Our MirrorManager setup exports the current state of all mirrors every
hour at :30 to a protobuf based file which is then used by the
mirrorlist servers to answer the requests from yum and dnf.
The Python script requires up to 10GB of memory and takes between 35 and
50 minutes. The script does a lot of SQL queries and also some really
big SQL queries joining up to 6 large MirrorManager tables.
I have rewritten this Python script in Rust and now it only needs around
1 minute instead of 35 to 50 minutes and only 600MB instead of 10GB.
I think the biggest difference is that I am almost not doing any joins
in my SQL request.
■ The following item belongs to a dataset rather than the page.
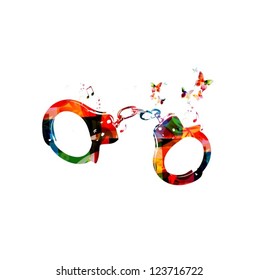 Colorful vector handcuffs background with butterflies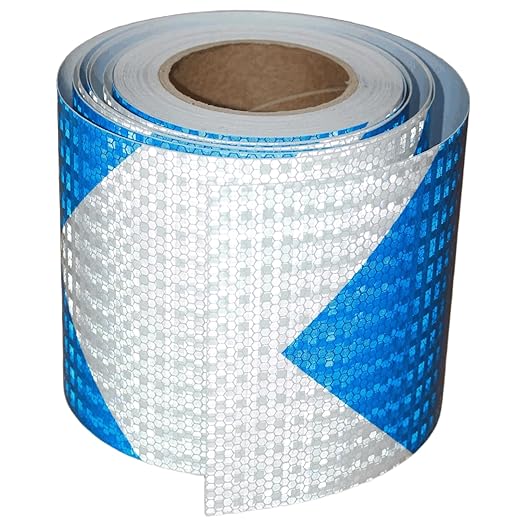 Reflective Tape Blue White 8 Inch x 68 Feet, Safety Caution Reflector Strips, Hazard Conspicuity Warning Stickers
I download all the tables once and then I do a lot of
loops over the downloaded tables and this seems to be massively faster.
As the mirrorlist-server in Rust has proven to be extremely stable over
the last months we have been using it I would also like to replace the
mirrorlist protbuf input generation with my new Rust based code.
I am planing to try out the new protobuf file in staging in the next
days and would then try to get my new protobuf generation program into
Fedora. Once it is packaged I would discuss here how and if we want to
deploy in Fedora's infrastructure.
Having the possibility to generate the mirrorlist input data in about a
minute would significantly reduce the load on the database server and
enable us to react much faster if broken protobuf data has been synced
to the mirrorlist servers on the proxies.